(Entries shown)
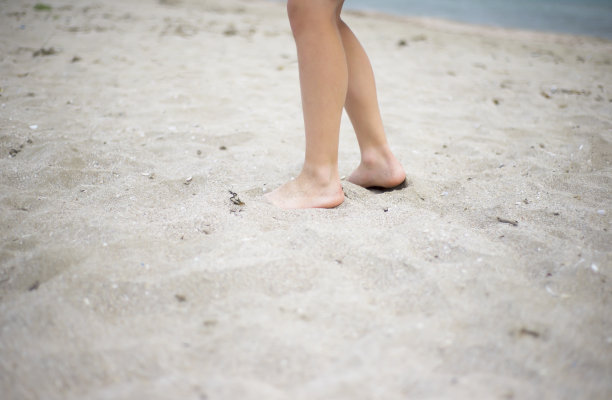赤脚少年的脚踩在沙滩上。图片下载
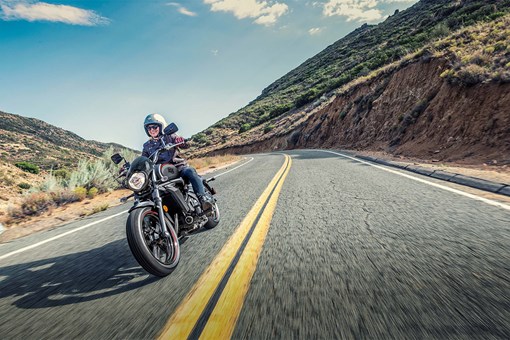 Three-quarter front angle of a person riding a motorcycle on a road. opens in a new window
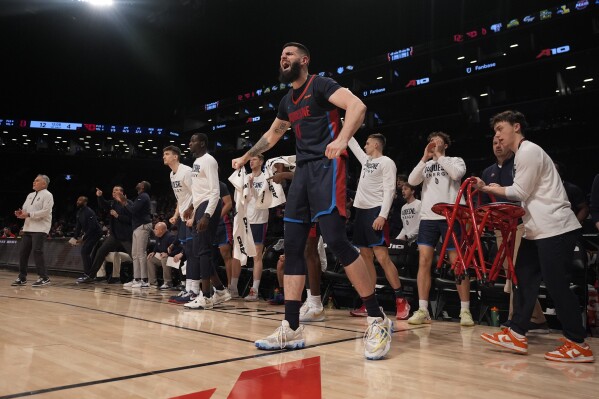 Duquesne forward Dusan Mahorcic (0) reacts with teammates on the bench during the first half of an NCAA college basketball game against Dayton in the quarterfinals of the Atlantic 10 tournament Thursday, March 14, 2024, in New York. (AP Photo/Peter K. Afriyie)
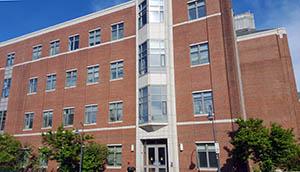 Main entrance to Rudman Hall taken from fire station, July 2016.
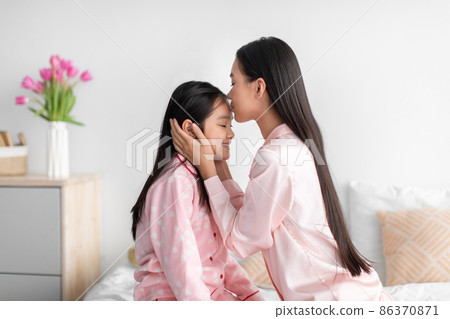 Cheerful japanese millennial female kissing at forehead of teenage girl in bedroom interior, profile, free space 86370871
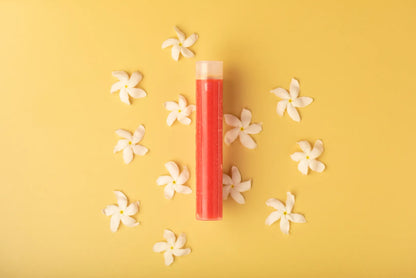Luscentra jasmine vitamin C capsule with jasmine flowers on yellow.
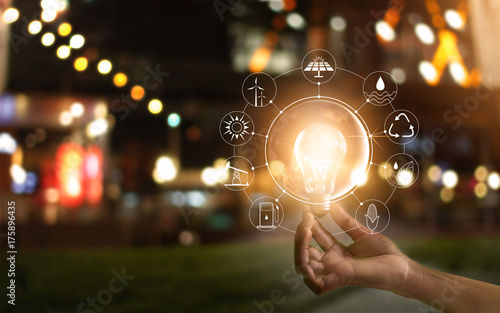 Hand holding light bulb in front of global, show the world's consumption with icons energy sources for renewable, Ecology concept. Elements of this image furnished by NASA.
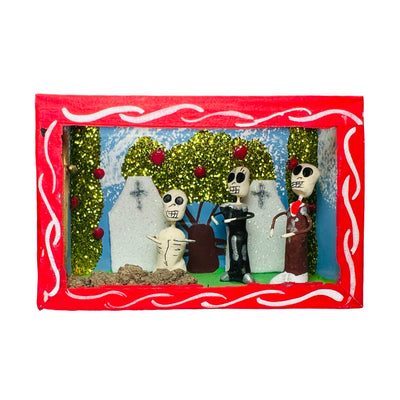 red nicho box that features a scene with skeletons in a cemetery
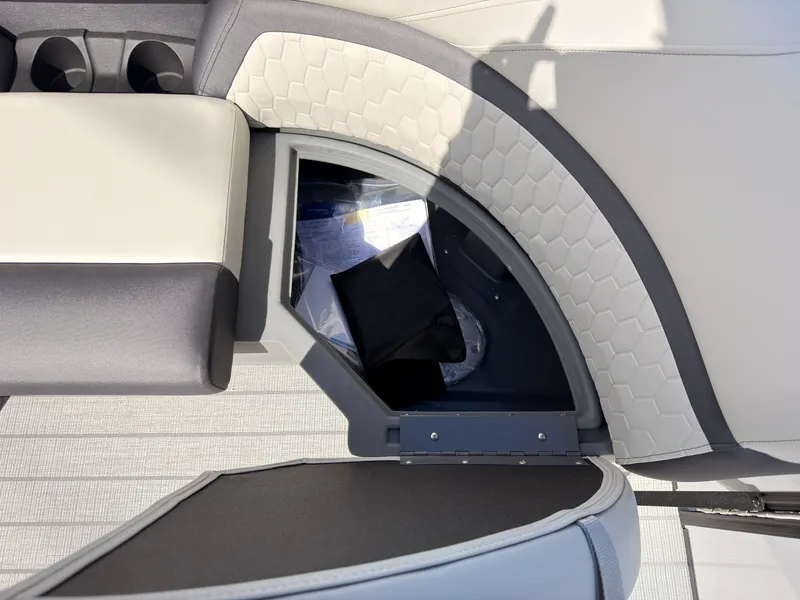 Slide: The Image of A seating area with storage underneath, containing documents and a black pouch. - 19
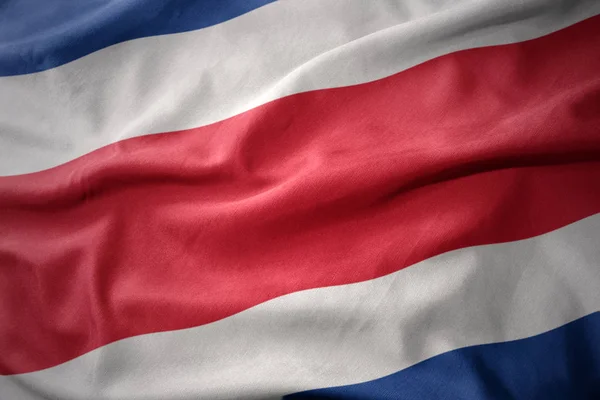 Wuivende kleurrijke vlag van costa rica. — Stockfoto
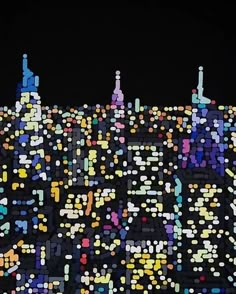 the city is lit up at night with lots of dots on it's surface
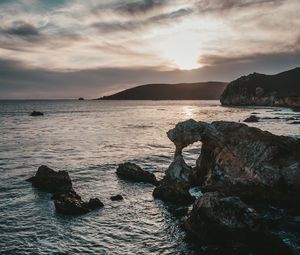 Preview wallpaper rocks, sea, sunset, sky, horizon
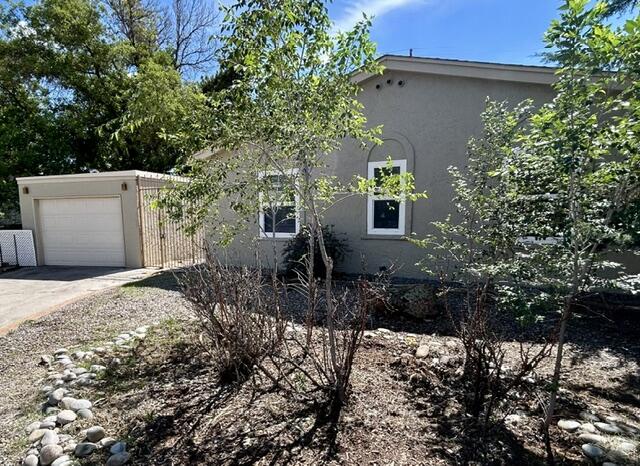 MOVE IN READY home located in a quiet Cul- De-Sac in a desirable area in the north east heights. Newly renovated with FRESH PAINT throughout, new shingles on roof. Detached 1 car garage with separate storage room. Moveable island in the kitchen. Fireplace in the master suite. Large great room with fireplace.Security gate at entrance. Includes washer, dryer and refrigerator.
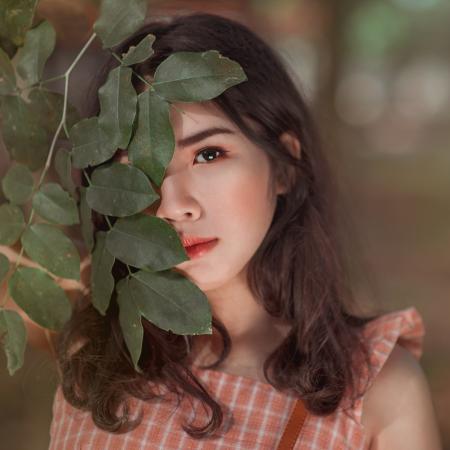 Girl in Orange and White Gingham Sleeveless Dress Close-up Photo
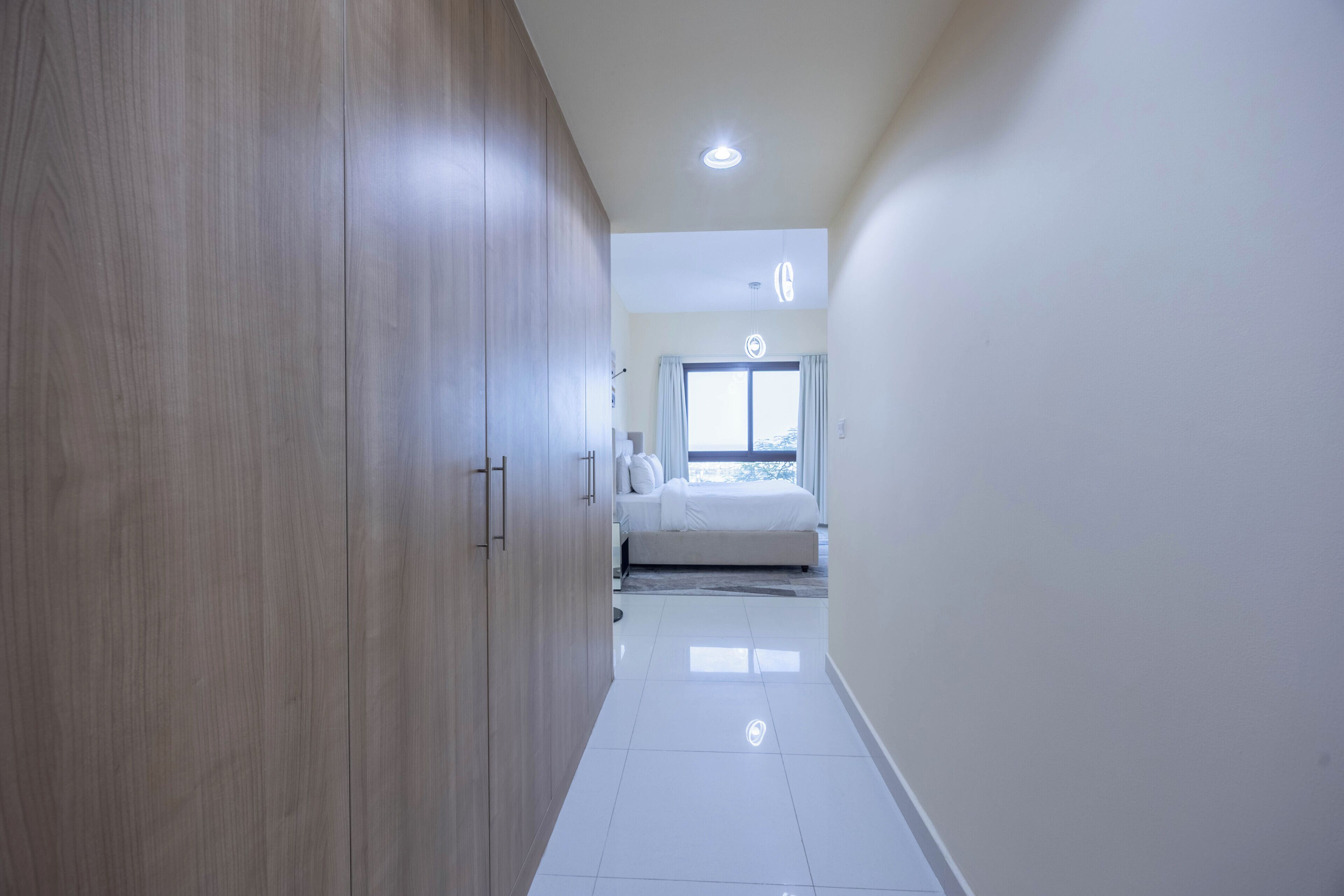 A hallway leading to a bedroom with a bed, a window, and a wardrobe.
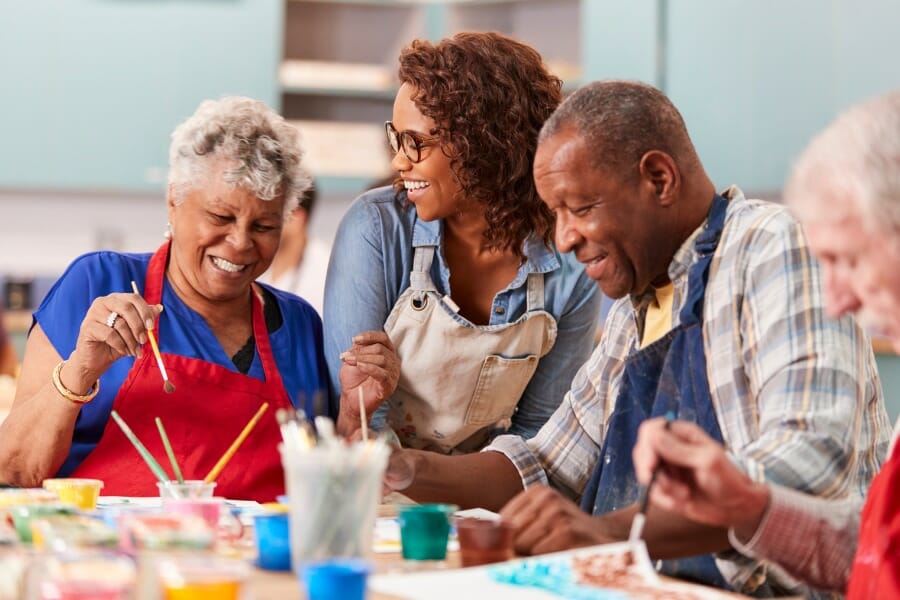 Senior citizens laughing at a retirement community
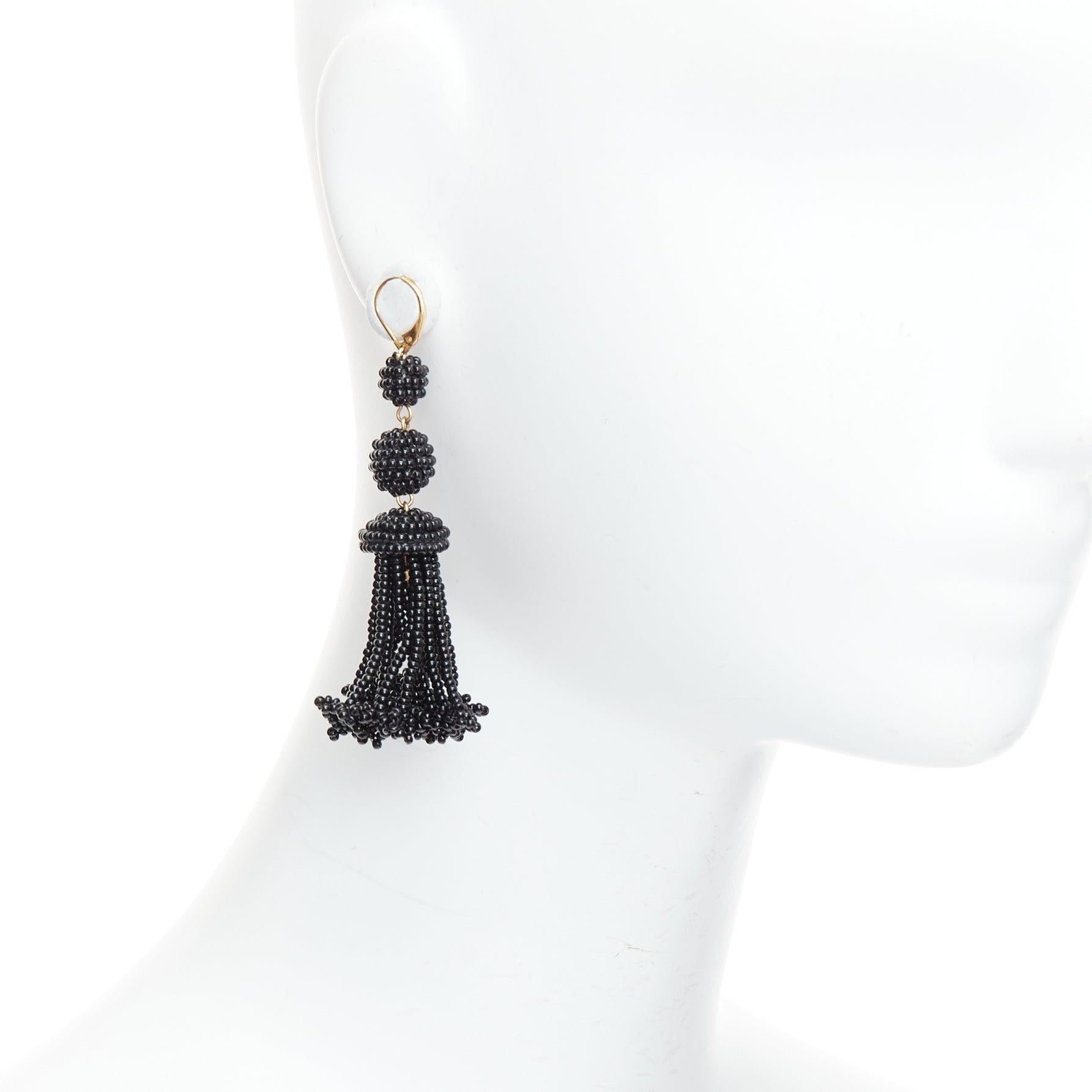 OLD CELINE Phoebe Philo black beaded tassel chandelier earrings
Reference: TGAS/E00733
Brand: Celine
Designer: Phoebe Philo
Material: Plastic
Color: Gold, Black
Pattern: Solid
Closure: Loop Through
Extra Details: Logo plate at bottom.
Made in:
(End Entries shown)
• _What to work on_
Write out all the records exactly, omitting the images.

• _Task result_
赤脚少年的脚踩在沙滩上。图片下载
 Three-quarter front angle of a person riding a motorcycle on a road. opens in a new window
 Duquesne forward Dusan Mahorcic (0) reacts with teammates on the bench during the first half of an NCAA college basketball game against Dayton in the quarterfinals of the Atlantic 10 tournament Thursday, March 14, 2024, in New York. (AP Photo/Peter K. Afriyie)
 Main entrance to Rudman Hall taken from fire station, July 2016.
 Cheerful japanese millennial female kissing at forehead of teenage girl in bedroom interior, profile, free space 86370871
Luscentra jasmine vitamin C capsule with jasmine flowers on yellow.
 Hand holding light bulb in front of global, show the world's consumption with icons energy sources for renewable, Ecology concept. Elements of this image furnished by NASA.
 red nicho box that features a scene with skeletons in a cemetery
 Slide: The Image of A seating area with storage underneath, containing documents and a black pouch. - 19
 Wuivende kleurrijke vlag van costa rica. — Stockfoto
 the city is lit up at night with lots of dots on it's surface
 Preview wallpaper rocks, sea, sunset, sky, horizon
 MOVE IN READY home located in a quiet Cul- De-Sac in a desirable area in the north east heights. Newly renovated with FRESH PAINT throughout, new shingles on roof. Detached 1 car garage with separate storage room. Moveable island in the kitchen. Fireplace in the master suite. Large great room with fireplace.Security gate at entrance. Includes washer, dryer and refrigerator.
 Girl in Orange and White Gingham Sleeveless Dress Close-up Photo
 A hallway leading to a bedroom with a bed, a window, and a wardrobe.
 Senior citizens laughing at a retirement community
 OLD CELINE Phoebe Philo black beaded tassel chandelier earrings
Reference: TGAS/E00733
Brand: Celine
Designer: Phoebe Philo
Material: Plastic
Color: Gold, Black
Pattern: Solid
Closure: Loop Through
Extra Details: Logo plate at bottom.
Made in:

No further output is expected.